Task objective
Restate all of the following data exactly, keeping any images out of the copy.

Given information
______________________________

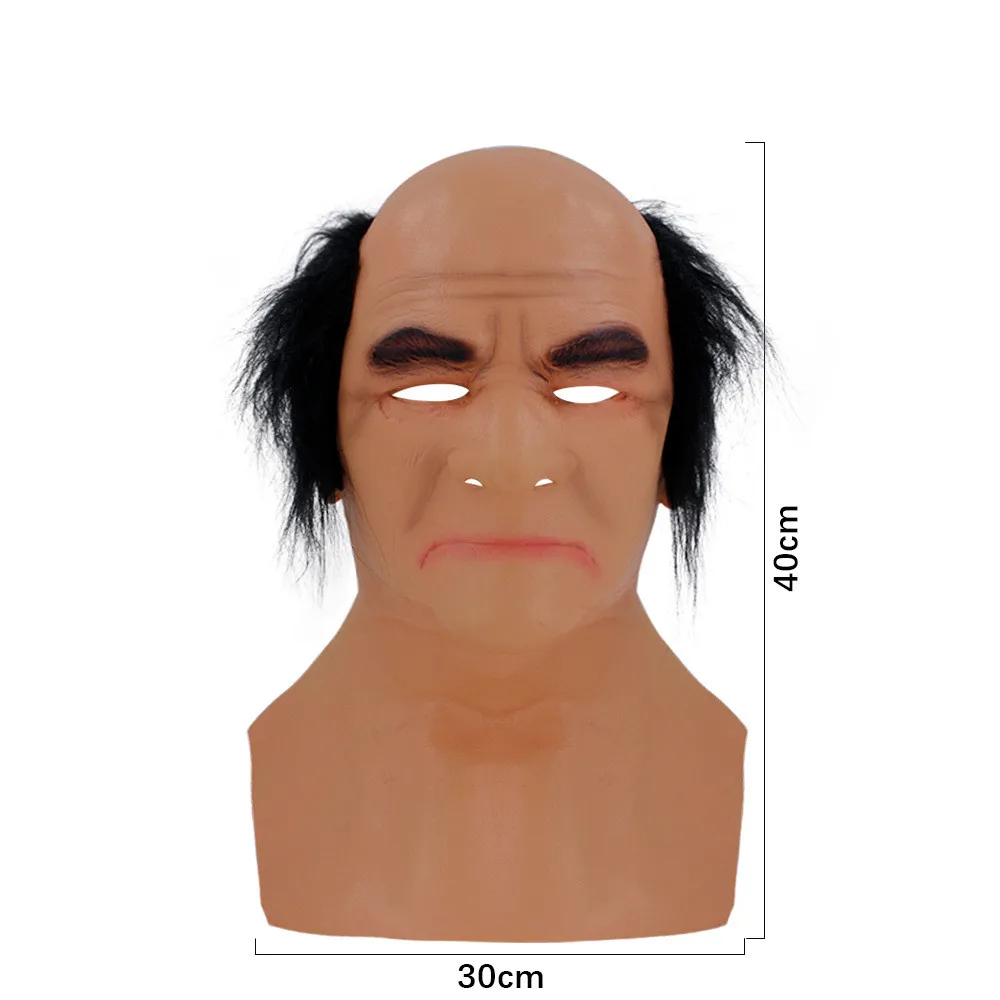 Schwarze Glatzkopf-Perücke mit Opa-Maske - Alte-Mann-Glatzkopfmaske für Halloween-Kostüme, Cosplay & Partyzubehör – Detail 5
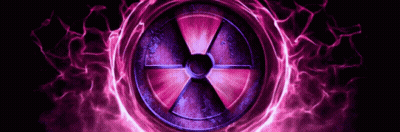 Purple And Blue Nuclear Symbol In Glowing Circle GIF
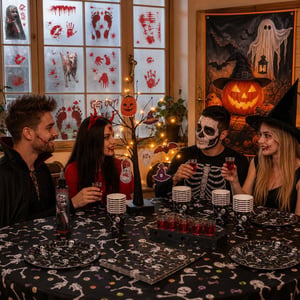 Krvavá halloweenska dekorácia: 8x nálepka + banner + 24 LED stromček + 97-dielny set + 60 ml umelá krv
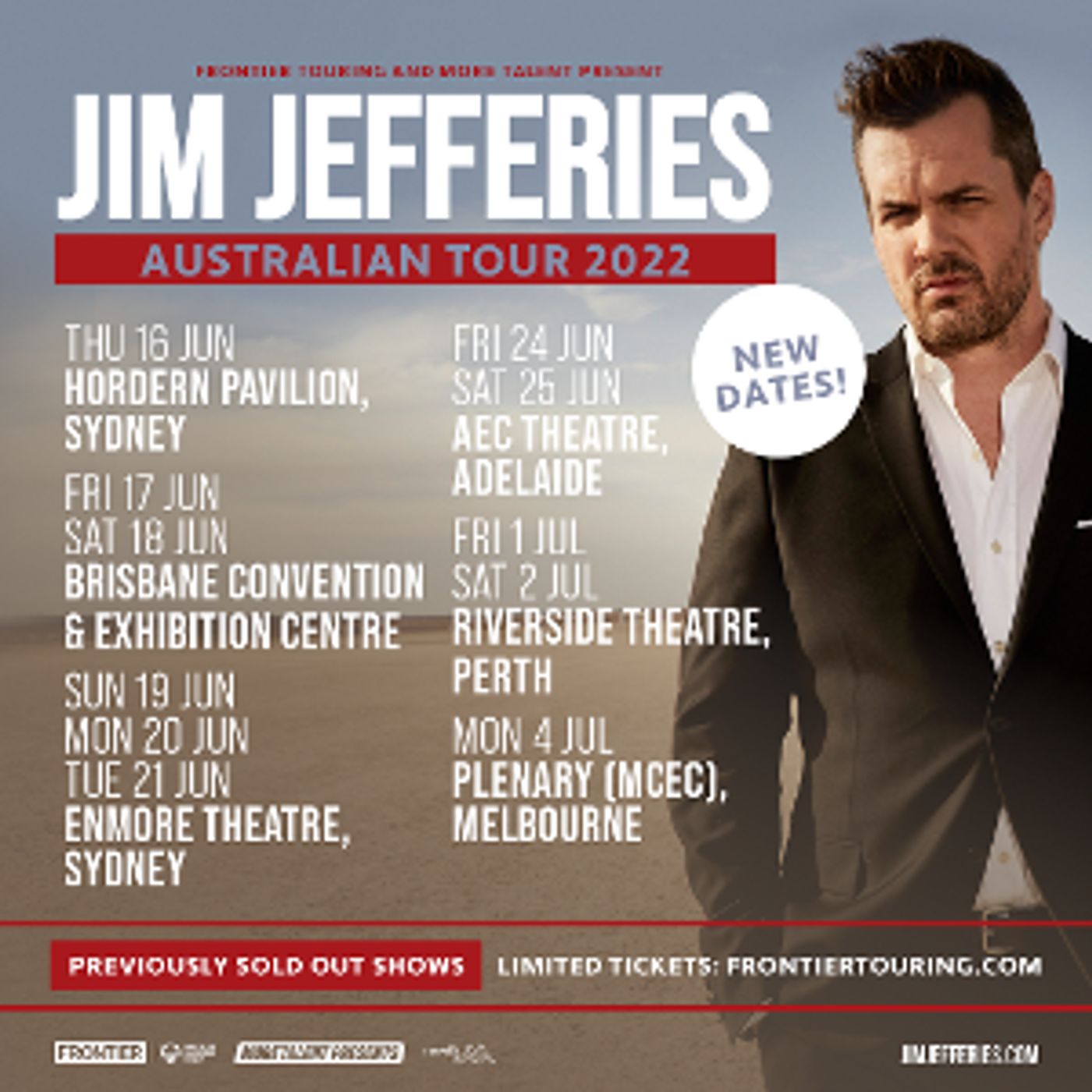 Jim Jefferies 2022 Rescheduled Tour Dates Announced  Image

______________________________

Solved problem
 Schwarze Glatzkopf-Perücke mit Opa-Maske - Alte-Mann-Glatzkopfmaske für Halloween-Kostüme, Cosplay & Partyzubehör – Detail 5
 Purple And Blue Nuclear Symbol In Glowing Circle GIF
 Krvavá halloweenska dekorácia: 8x nálepka + banner + 24 LED stromček + 97-dielny set + 60 ml umelá krv
 Jim Jefferies 2022 Rescheduled Tour Dates Announced  Image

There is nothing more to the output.